Farewell to patrol boat
Vanuatu has farewelled its patrol boat, the RVS Tukoro, which has served the country for almost 34 years.
In a ceremony to farewell the ship and its crew, Prime Minister Bob Loughman thanked the Australian Government for its continued support through the RVS Tukoro.
The boat was a gift from Canberra to Vanuatu in 1983.
RVS Tukoro will now return to Australia and is due to return to Vanuatu in September with a new patrol boat the RVS Takuare.
RVS Takuare can spend around 20 days at sea and is more capable for female crews.
Award for top snaps
Tonga's High Commission in Australia is offering up to AU$3,000 in a photography competition for seasonal workers.

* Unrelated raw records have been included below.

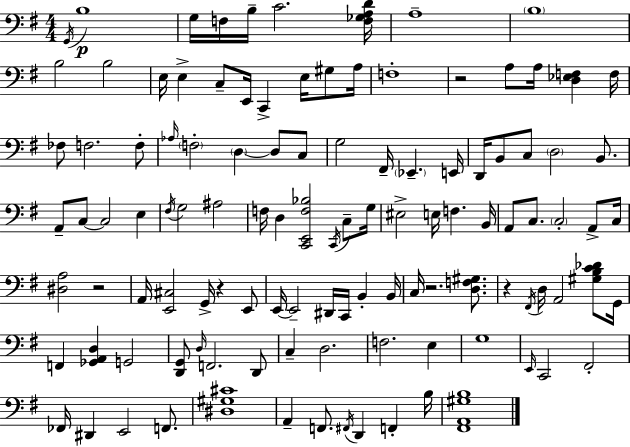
{
  \clef bass
  \numericTimeSignature
  \time 4/4
  \key g \major
  \acciaccatura { g,16 }\p b1 | g16 f16 b16-- c'2. | <f ges a d'>16 a1-- | \parenthesize b1 | \break b2 b2 | e16 e4-> c8-- e,16 c,4-> e16 gis8 | a16 f1-. | r2 a8 a16 <d ees f>4 | \break f16 fes8 f2. f8-. | \grace { aes16 } \parenthesize f2-. \parenthesize d4~~ d8 | c8 g2 fis,16-- \parenthesize ees,4.-- | e,16 d,16 b,8 c8 \parenthesize d2 b,8. | \break a,8-- c8~~ c2 e4 | \acciaccatura { fis16 } g2 ais2 | f16 d4 <c, e, f bes>2 | \acciaccatura { c,16 } c8-- g16 eis2-> e16 f4. | \break b,16 a,8 c8. \parenthesize c2-. | a,8-> c16 <dis a>2 r2 | a,16 <e, cis>2 g,16-> r4 | e,8 e,16~~ e,2-- dis,16 c,16 b,4-. | \break b,16 c16 r2. | <d f gis>8. r4 \acciaccatura { fis,16 } d16 a,2 | <gis b c' des'>8 g,16 f,4 <ges, a, d>4 g,2 | <d, g,>8 \grace { d16 } f,2. | \break d,8 c4-- d2. | f2. | e4 g1 | \grace { e,16 } c,2 fis,2-. | \break fes,16 dis,4 e,2 | f,8. <dis gis cis'>1 | a,4-- f,8. \acciaccatura { fis,16 } d,4 | f,4-. b16 <fis, a, gis b>1 | \break \bar "|."
}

The High Commissioner, Princess Angelika Latufuipeka Tuku'aho, is inviting submissions that capture positive experiences within the seasonal work programme.
She says the amateur photography competition is to celebrate Australia's Seasonal Worker Program and Pacific Labour Scheme.
Despite it being suspended for half of last year, 2,537 workers are currently employed under the Scheme.
Princess Angelika says migrant work has delivered stable incomes for many Tongans and their families affected by the pandemic.
The top 20 submissions will be featured in an exhibition later this year to mark Tongan seasonal workers' vital contributions.
Architecture honour for Tuvalu church
Auckland-based firm South Pacific Architecture has won an accolade for its design of the Tuvalu Community Church in New Zealand's biggest city.
The win in the Te Kāhui Whaihanga Auckland Branch Awards means the building will be up for consideration at the Te Kāhui Whaihanga New Zealand awards, which will be judged later this year and announced in November.
The church was officially opened in March 2020 after 2 years of planning.